In the present study, only cabozantinib treatment, which is characterized by the inhibitory effects of c-MET and AXL, increased the number of DCs in the TIME. The AXL receptor is upregulated when DCs are cultured with type I interferons, and its upregulated expression inhibits the inflammatory response of the innate immune system [39]. c-Met expression in the immune system is limited to cells with antigen-presenting capacity, including macrophages and DCs [40]. Therefore, inhibition of AXL signaling is believed to activate the innate immune system. Consistent with a previous study reporting that cabozantinib may exert an immunostimulatory effect by directly modulating DCs, our study revealed that cabozantinib increased the number of DCs [40].
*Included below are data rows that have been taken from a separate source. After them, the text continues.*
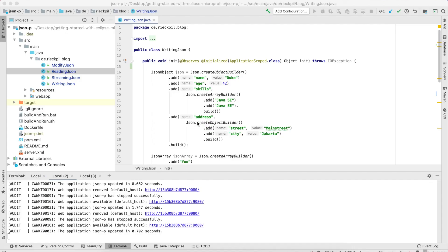Welcome to this new video of my YouTube series getting started with Eclipse MicroProfile 3.0. In this video I'm going to cover the JSON-P specification. To not get confused with the previous JSON-B specification which was all about JSON binding — binding Java objects to JSON strings and back — this JSON-P specification is all about processing JSON data structures.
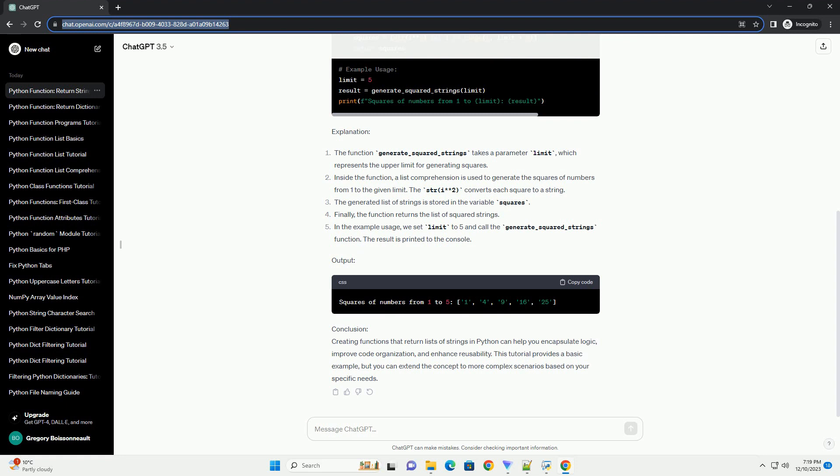The str(i**2) converts each square to a string. The generated list of strings is stored in the variable squares. Finally, the function returns the list of squared strings.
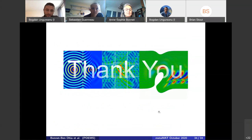Thank you very much Anne-Sophie for this really nice talk.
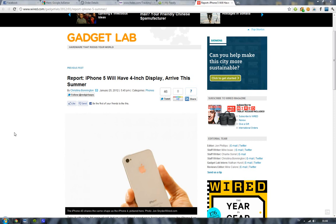Because their last quarter, they sold like 37 million iPhones. I mean, they're doing good in sales and everything.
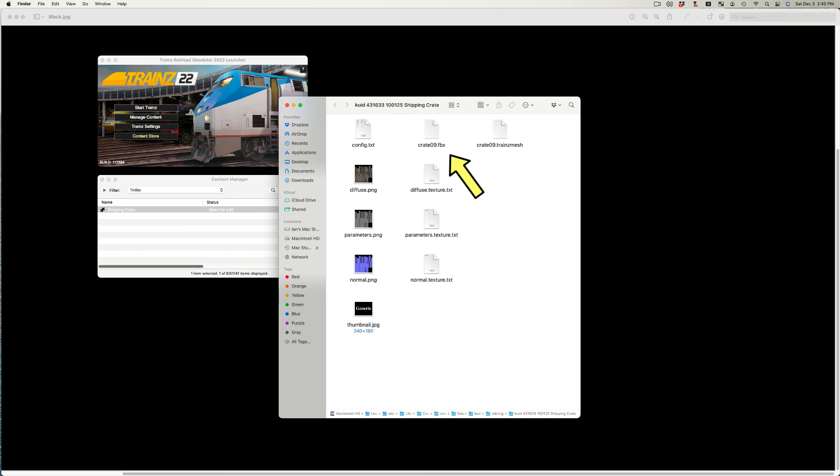However, it would be nice if more creators left the FBX asset in the folder. The model could then be loaded back into Blender so that one could see how it was made. The texture files, as a rule, are not removed from the asset and thus users are able to reskin assets.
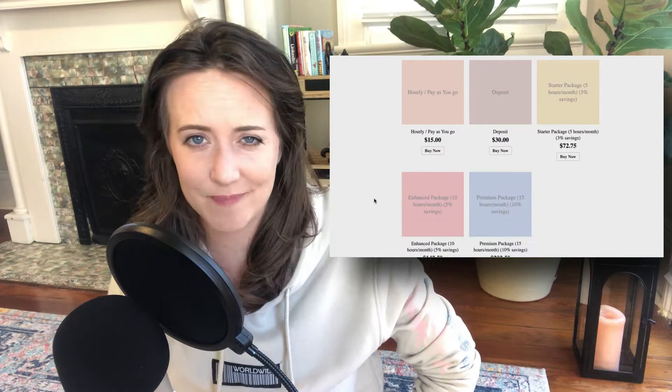Step one: Google it. Seriously, look it up. Search for other people and businesses in your field or niche, because many freelancers and companies nowadays post their rates on their websites. When you do that, don't forget to check their experience too. Perhaps the average rate for a service from an expert with 20 years of experience is X amount, but if you're less experienced, you need to start out with a slightly lower rate.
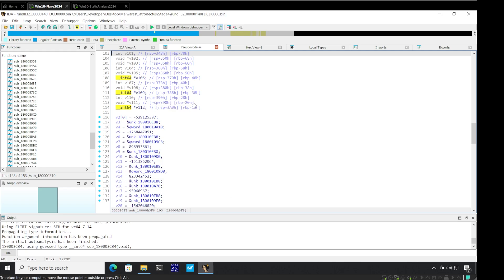We will stop here for this video. In the next video, I'm going to start off with the analysis of the final payload in IDA Pro. I will see you in the upcoming video as well. Thank you very much for your time.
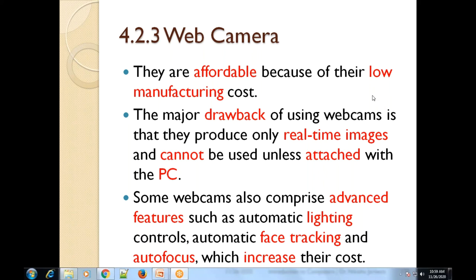Today we have completed three topics: web camera, barcode reader, and optical mark reader. If you have any difficulty or doubt, you can ask me, and after that we will end our lecture.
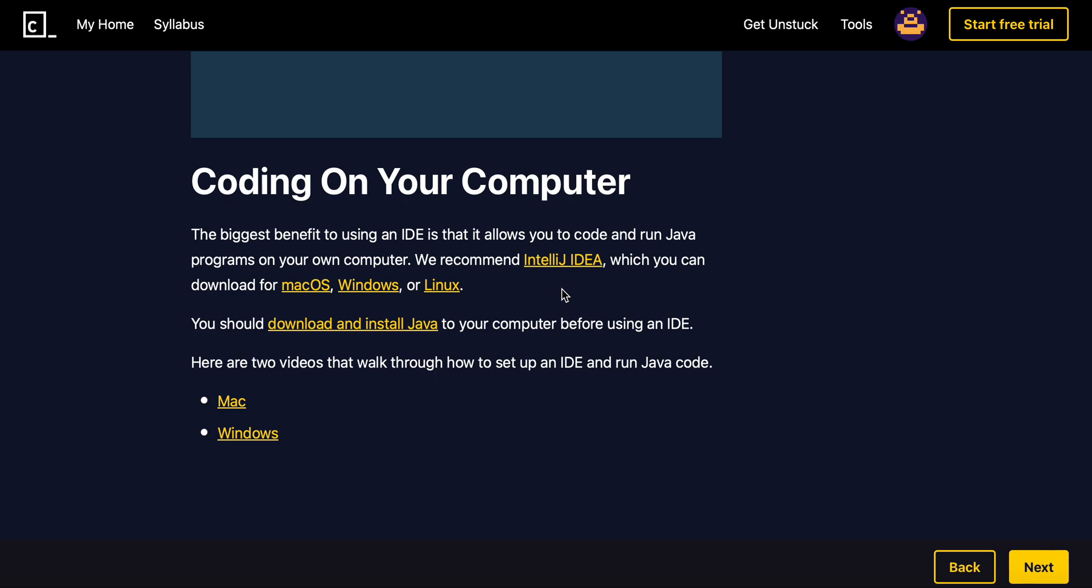The IDE I recommend is definitely IntelliJ as well. If you're new or if you don't want to invest that much time and effort into installing an IDE, there's also Replit and OnlineGDB as well, which both of them you can type up simple code and run it and you should be fine.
The current study had several limitations. To assess tumor-infiltrating lymphocytes to reduce sampling errors, flow cytometric analysis should be conducted; however, this could not be confirmed because of low cell viability during single-cell suspension preparation. To perform a cross-sectional drug evaluation, we used a single point of assessment 2 weeks after hepatoma cell transplantation. However, multipoint evaluations are required to determine the true effectiveness of these MTAs. As we could evaluate TIME at the point when all drugs exert an antitumor effect, the present study evaluated the impact of MTAs on TIME.

Conclusion

In orthotopic mouse models of HCC, lenvatinib and FGFR-1/2/3/4 inhibitors, which commonly inhibit FGFR signaling, alter the TIME to an immune hot state by downregulating metabolic pathway signaling. Our findings support the therapeutic concept of combination immunotherapy including MTAs and ICIs.